Focus on... Jonny Stubbs
Growing a strong team
Jonny Stubbs joined us as Head of Technical Support in January 2018 and was tasked with growing and developing the in-house paraplanning team. At the time, the team consisted of four paraplanners, including Jonny; since then, largely through external recruitment, the team has grown to nine, which he describes as “about right”. From now on, he hopes to build the team through internal development.
We primarily deal with high net worth clients, including professional sportspeople and, have been running a graduate training scheme for seven years to train up paraplanners and advisers. Jonny explains that the firm has just reviewed the scheme to make it more effective for the business. “It was a five-year program where typically the graduate spent two years as an administrator, two years as a paraplanner and a year as a trainee adviser, before becoming a fully-fledged financial planner. We’re changing that format to make the process more flexible to introduce the graduates to the various aspects of the overall role sooner. So, they may be working in admin but they may also be doing some basic report writing. It means they will be learning more, faster.
“We’re also introducing specific training outside of the core work, such as role-playing, technical, file review, compliance, and suitability assessment training. It’s fast-tracking them to where they can have the greatest effect in the business.
“It is still a five-year program,” he adds, “because we want our advisers to be chartered when they see clients, but it’s also about building their experience. We want them to know every aspect of the financial advice process, including working with them on the softer skills they will need to do the job in the right way.”

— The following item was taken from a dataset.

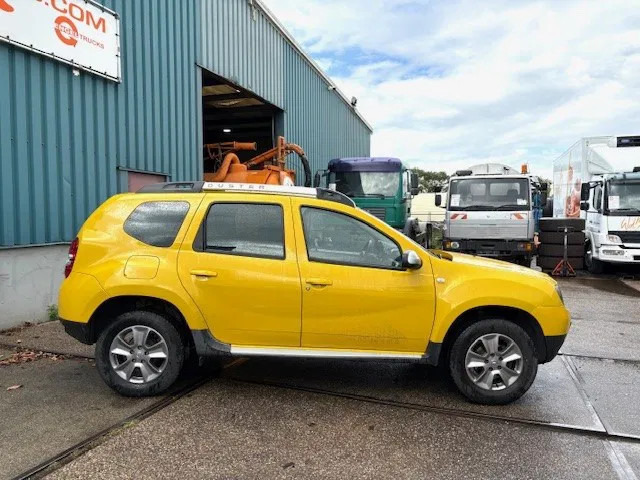 Dacia Duster 1.5DCI 4x4 MINI MPV (6 GEARS MANUAL GEARBOX / AIRCONDITIONING / CRUISE CONTROL / ETC.) - Лек автомобил: снимка 4 Dacia Duster 1.5DCI 4x4 MINI MPV (6 GEARS MANUAL GEARBOX / AIRCONDITIONING / CRUISE CONTROL / ETC.) - Лек автомобил: снимка 4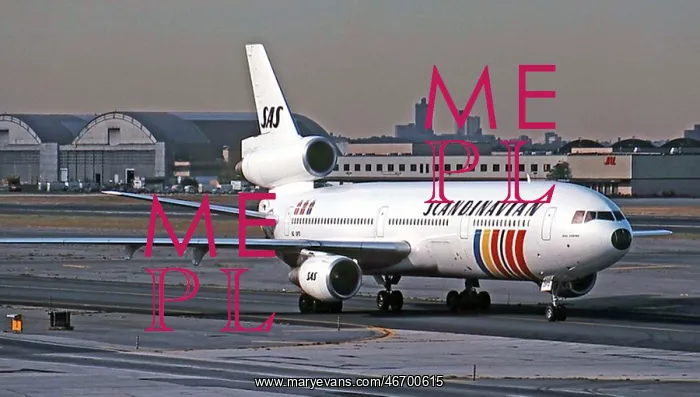 : Douglas DC-10 30 of SAS's SE-DFD at JFK, 15 Oct 1984 : Douglas DC-10 30 of SAS's SE-DFD at JFK, 15 Oct 1984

Currently, the firm has around 90 employees, including 17 graduates in the scheme. “That’s a big investment from us and I don’t know of any other financial planning business, outside of networks and nationals, that have committed so much to bringing new people into the industry.”
Changing role
When Jonny joined the firm he stepped into a newly created role, which, unsurprisingly, has developed in the interim period. “A big part of my job has been creating a larger team as well as an environment where paraplanners want to stay.” Also, he has taken on the running of the firm’s transfer servicing team, the admin unit focused on obtaining data from providers to effect pension transfers. “It’s a technical administration team of seven, including a team leader.”
Project work also has been a significant part of the role. Major projects have been redesigning the Client Review process – “What we wanted to do is make the entire process pro-active, so the advice team has the full picture of the client in front of them as early as possible” – and development of the firm’s Centralised Retirement Proposition (CRP) – “It’s a means to document the processes to show that as a firm we acknowledge that difference and the relevant risks involved and that there are formal procedures in place,” he says.
Original goals
One of Jonny’s goals in March 2018 was to put together a style guide for the paraplanning team. This has grown into a more formal procedures document, stating how the paraplanning team works, setting down the approach to research, analysis and report writing, etc, and setting out standards in terms of style, grammar, and punctuation.
“The structural change work I’ve been involved with has taken precedent over the past 18 months so this has been a work in progress,” Jonny says. “But it’s needed because every firm does things differently and things change, so you need to have something written down for people to refer to.”
Another goal in 2018 was to try to use technology to make the paraplanning process more efficient. “This is another work in progress but we’ve been able to make small day-to-day improvements, for example, using templates in Intelligent Office and pulling in data from the back office which saves keying in that data to a suitability report. We’re also lucky to have a couple of guys who are wizards with Excel, and they have put together some clever spreadsheets which have helped us automate things like MiFID II charges, fund research and so on.”
He also wanted to have the firm’s paraplanners work more on a one-to-one basis with the advisers. “There is an ongoing debate in paraplanning circles, whether one-to-one or a pooled paraplanning approach works best. We are now almost one-to-one with all our core advisers, but we also operate a pooled approach for overflow work or where an adviser’s workload doesn’t need that full-time support. I think the one-to-one approach helps build a good working relationship between the paraplanner and the adviser, but I also like the pooled approach because of the flexibility it gives me within the team when we need it. Having built up the bigger paraplanning team we are now able to do both.”